Bigdata Ready Enterprise Open Source Software

Table of Contents

License Objective Features Demo videos        Data Ingestion        Workflow Builder        Bulk Data Manufacturing        Web Crawler Architecture Installation Operational Metadata Management System How To Contribute

License

Released under Apache Public License 2.0. You can get a copy of the license at http://www.apache.org/licenses/LICENSE-2.0.

Objective

Big Data Ready Enterprise(BDRE) makes big data technology adoption simpler by optimizing and integrating various big data solutions and providing them under one integrated package. BDRE provides a unified framework for a Hadoop implementation that can drastically minimize development time and fast track the Hadoop implementation. It comprises a reusable framework that can be customized as per the enterprise ecosystem. The components are loosely integrated and can be de-coupled or replaced easily with alternatives.
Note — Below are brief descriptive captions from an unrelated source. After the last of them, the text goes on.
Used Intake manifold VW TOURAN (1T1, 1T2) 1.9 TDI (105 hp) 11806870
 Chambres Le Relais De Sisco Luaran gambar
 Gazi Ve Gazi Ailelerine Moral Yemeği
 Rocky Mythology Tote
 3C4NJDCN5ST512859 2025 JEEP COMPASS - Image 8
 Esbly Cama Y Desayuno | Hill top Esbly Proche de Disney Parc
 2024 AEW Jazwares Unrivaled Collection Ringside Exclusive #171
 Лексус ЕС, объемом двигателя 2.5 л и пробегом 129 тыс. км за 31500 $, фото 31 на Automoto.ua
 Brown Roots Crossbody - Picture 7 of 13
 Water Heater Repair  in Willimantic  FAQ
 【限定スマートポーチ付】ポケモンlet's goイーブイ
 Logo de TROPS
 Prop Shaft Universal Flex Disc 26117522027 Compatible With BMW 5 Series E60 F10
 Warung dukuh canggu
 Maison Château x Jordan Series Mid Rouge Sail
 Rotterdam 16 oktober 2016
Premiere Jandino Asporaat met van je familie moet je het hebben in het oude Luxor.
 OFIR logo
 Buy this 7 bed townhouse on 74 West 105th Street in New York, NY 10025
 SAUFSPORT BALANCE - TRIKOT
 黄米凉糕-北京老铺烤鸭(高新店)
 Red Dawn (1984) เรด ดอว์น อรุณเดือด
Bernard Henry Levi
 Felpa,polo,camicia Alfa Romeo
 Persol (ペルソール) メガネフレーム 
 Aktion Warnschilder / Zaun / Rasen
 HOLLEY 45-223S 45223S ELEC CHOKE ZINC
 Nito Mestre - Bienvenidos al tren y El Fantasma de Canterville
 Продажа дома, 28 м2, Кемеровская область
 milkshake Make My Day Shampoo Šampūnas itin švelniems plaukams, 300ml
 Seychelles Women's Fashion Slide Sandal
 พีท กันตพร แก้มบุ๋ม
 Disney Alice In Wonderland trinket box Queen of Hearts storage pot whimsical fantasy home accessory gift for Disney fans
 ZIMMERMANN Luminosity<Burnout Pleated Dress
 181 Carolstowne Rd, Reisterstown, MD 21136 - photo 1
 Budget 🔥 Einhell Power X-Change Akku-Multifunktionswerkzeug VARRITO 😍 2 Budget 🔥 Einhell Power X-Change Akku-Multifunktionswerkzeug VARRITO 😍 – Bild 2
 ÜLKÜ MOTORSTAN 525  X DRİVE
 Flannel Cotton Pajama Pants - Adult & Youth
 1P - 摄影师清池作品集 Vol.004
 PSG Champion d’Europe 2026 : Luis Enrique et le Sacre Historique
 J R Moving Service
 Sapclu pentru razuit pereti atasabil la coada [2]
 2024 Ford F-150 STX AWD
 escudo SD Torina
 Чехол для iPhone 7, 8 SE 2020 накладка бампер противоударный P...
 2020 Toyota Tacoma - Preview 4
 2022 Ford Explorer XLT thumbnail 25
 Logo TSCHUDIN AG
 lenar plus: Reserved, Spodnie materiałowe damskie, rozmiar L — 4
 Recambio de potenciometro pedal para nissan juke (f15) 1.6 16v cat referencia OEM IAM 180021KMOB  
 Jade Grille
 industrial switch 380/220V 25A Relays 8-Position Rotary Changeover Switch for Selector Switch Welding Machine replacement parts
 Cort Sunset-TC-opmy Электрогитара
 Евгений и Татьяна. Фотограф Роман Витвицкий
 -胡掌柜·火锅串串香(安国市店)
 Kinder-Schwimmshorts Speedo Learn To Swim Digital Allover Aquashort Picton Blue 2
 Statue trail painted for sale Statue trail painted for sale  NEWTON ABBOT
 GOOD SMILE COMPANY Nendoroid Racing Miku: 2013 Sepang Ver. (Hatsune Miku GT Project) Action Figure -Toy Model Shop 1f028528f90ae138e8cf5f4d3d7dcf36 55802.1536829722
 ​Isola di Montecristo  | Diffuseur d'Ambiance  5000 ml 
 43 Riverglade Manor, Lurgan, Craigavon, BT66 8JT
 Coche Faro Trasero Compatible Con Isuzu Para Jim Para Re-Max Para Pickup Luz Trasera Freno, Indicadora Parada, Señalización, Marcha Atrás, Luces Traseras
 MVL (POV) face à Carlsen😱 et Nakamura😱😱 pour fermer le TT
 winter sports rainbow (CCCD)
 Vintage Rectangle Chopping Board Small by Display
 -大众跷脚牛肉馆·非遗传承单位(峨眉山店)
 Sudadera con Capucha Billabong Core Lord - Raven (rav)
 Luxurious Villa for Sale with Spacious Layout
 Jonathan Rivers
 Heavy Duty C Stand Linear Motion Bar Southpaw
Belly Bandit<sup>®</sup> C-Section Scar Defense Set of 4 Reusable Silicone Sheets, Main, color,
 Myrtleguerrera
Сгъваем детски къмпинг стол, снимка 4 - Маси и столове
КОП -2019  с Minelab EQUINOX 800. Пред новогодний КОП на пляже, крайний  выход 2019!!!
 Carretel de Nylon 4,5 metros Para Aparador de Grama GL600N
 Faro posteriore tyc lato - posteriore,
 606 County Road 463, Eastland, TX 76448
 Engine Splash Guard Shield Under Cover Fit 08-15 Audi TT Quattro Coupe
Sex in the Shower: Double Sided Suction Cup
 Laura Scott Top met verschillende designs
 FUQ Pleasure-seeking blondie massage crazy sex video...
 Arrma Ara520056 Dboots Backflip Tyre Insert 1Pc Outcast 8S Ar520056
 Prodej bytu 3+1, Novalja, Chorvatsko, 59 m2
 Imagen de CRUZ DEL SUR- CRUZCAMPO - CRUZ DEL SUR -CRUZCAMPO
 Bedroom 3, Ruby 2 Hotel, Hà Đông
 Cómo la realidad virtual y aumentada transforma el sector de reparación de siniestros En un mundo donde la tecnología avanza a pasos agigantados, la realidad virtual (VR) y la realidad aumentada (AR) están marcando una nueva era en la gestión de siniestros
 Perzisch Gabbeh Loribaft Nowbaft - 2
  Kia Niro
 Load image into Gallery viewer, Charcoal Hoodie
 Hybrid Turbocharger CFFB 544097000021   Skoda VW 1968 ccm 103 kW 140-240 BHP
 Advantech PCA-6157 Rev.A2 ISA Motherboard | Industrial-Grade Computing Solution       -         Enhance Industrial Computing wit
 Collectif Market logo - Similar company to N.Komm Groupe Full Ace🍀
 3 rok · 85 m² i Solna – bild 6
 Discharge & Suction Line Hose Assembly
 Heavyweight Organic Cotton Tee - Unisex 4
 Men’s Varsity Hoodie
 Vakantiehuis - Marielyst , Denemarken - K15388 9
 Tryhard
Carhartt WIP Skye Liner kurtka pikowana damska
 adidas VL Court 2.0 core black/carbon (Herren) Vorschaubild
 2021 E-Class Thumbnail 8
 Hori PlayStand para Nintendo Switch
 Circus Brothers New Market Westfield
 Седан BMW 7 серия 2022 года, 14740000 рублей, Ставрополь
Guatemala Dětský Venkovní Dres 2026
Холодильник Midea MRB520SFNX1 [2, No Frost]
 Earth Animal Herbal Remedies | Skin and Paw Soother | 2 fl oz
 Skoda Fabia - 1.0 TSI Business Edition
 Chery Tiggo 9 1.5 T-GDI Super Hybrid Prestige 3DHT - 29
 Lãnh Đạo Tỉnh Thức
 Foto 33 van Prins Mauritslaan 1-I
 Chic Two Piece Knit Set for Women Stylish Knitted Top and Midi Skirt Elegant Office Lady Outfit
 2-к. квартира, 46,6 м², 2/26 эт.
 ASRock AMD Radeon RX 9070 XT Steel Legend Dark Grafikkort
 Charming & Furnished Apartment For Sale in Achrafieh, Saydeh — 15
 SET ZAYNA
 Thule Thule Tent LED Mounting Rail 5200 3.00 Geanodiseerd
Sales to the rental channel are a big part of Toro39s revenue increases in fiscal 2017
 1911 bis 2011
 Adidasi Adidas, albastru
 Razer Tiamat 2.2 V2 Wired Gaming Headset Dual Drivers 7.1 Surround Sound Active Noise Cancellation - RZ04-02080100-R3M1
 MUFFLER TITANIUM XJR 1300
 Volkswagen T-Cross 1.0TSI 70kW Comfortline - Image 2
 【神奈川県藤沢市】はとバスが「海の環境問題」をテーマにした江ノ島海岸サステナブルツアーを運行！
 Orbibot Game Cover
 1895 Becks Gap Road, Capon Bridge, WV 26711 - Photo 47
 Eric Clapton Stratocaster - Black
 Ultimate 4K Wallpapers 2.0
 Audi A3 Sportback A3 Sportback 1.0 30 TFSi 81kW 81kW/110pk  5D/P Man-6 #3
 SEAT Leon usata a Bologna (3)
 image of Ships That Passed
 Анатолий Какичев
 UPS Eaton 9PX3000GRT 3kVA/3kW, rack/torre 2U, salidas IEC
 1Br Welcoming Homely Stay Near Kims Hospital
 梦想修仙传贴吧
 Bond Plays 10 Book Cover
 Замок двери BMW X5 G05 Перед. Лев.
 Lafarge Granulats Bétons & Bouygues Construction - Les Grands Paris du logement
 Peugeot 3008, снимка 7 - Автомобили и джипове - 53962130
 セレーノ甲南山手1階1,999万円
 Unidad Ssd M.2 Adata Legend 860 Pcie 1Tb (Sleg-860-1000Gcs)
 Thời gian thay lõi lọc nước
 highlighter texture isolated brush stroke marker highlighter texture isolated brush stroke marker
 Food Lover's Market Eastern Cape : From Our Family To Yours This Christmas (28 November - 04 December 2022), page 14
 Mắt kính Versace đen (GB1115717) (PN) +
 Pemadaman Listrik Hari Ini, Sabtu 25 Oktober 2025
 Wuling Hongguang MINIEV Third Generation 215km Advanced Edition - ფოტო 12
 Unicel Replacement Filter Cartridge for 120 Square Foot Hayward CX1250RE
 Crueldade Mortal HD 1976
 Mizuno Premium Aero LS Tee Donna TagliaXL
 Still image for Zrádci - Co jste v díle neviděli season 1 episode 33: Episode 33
The primary goal of BDRE is to accelerate Bigdata implementations by supplying the essential frameworks that are most likely to be written from scratch. It can drastically reduce effort by eliminating hundreds of man hours in operational framework development. Big Data implementations however, require specialized skills, significant development effort on data loading, semantic processing, DQ, code deployment across environments etc.

Features

Demo Videos

Data Ingestion

RDBMS Data Ingestion

BDRE RDBMS data ingestion demo video

Streaming Data Ingestion

BDRE Twitter Ingestion demo video

Directory Monitoring and File Ingestion

BDRE File ingestion demo video

Workflow Builder

BDRE Workflow Designer demo video

Bulk Data Manufacturing

Demo video TBD

Web Crawler

BDRE Web Crawling

Architecture

image

Installation

Overview

This section will help you build BDRE from source. Audience for this document are developers and architects who want be part of BDRE framework development or may just want to evaluate it.

General Prerequisite

For testing/development purpose and to save time, use the fully loaded Hadoop VMs from Cloudera or Hortonworks because all the required software are typically installed and configured.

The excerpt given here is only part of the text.